Why? Because there are lots of ways to synchronize spatially separated clocks, and they generally give inequivalent results.

Einstein gave a procedure for synchronizing clocks, after which one might describe the clocks as being "synchronized in this (inertial) reference frame". Different reference frames yield inequivalent results. In particular:

If one synchronized the clocks on Earth and alpha in Earth's rest frame, then the ship's clock will read less than alpha's clock when it arrives.

If one synchronized the clocks on Earth and alpha in the ship's rest frame, then the ship's clock will read more than alpha's clock when it arrives.
 
  • #71
If the alpha clock is synchronized with the Earth clock,

Don't forget -- you mean to determine this using Earth's rest frame.
 
  • #72
Hurkyl,

"Don't forget -- you mean to determine this using Earth's rest frame."

Correct.
 
  • #73
yogi,

"Would you then permit me to claim that if T immediately turned around at alpha and returned to Earth at the same speed, the total time difference would be double that measured for the one way excursion?"

Yes.
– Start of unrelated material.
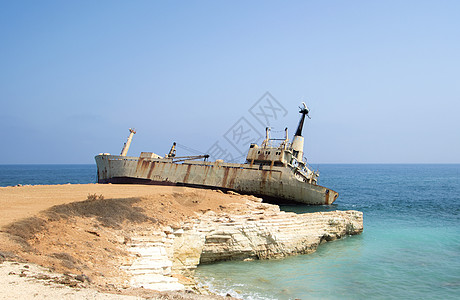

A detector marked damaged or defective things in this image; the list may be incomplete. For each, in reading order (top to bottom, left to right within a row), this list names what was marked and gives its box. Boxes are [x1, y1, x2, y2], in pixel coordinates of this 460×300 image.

On T's return to earth, the Earth clock will read 2L/v and T's clock will read (2L/v)/gamma.
 
  • #74
djavel - Wonderful - we agree upon that - so can we now say that neither acceleration nor turn around is significant in explaining the clock paradox. In other words, while the traveler's return to the starting point is part of the journey, the Earth is really a convenience point for measuring the age difference ---the turn around and the consequent changing of frames occassioned thereby does not play a role per se in the age difference upon arrival back on earth.

Hurkyl - when I refer to sync for one instant - I am saying that if T and S clocks both read 12:00 at the time of passby, then since alpha reads the same as S, all three clocks will read the same initially - and for one instant only.
 
Last edited:
  • #75
alpha reads the same as S, all three clocks will read the same initially

And I am saying that, until you state how you are comparing spatially separated clocks, these two statements are pure nonsense.

One such way is to select a coordinate chart, such as an inertial reference frame from SR, and then compare readings that occur at the same coordinate time.


so can we now say that neither acceleration nor turn around is significant in explaining the clock paradox ... the turn around and the consequent changing of frames occassioned thereby does not play a role per se in the age difference upon arrival back on earth.

As I've mentioned before, the "clock paradox" arises when you also do the analysis in the rest frame of the spaceship -- the turn around is crucial to explaining why that analysis doesn't predict that Earth clock doesn't read less than the space clock.
 
Last edited:
  • #76
Hurkyl - I thought you agreed that the two clocks read differently at the halfway point (when T reached alpha).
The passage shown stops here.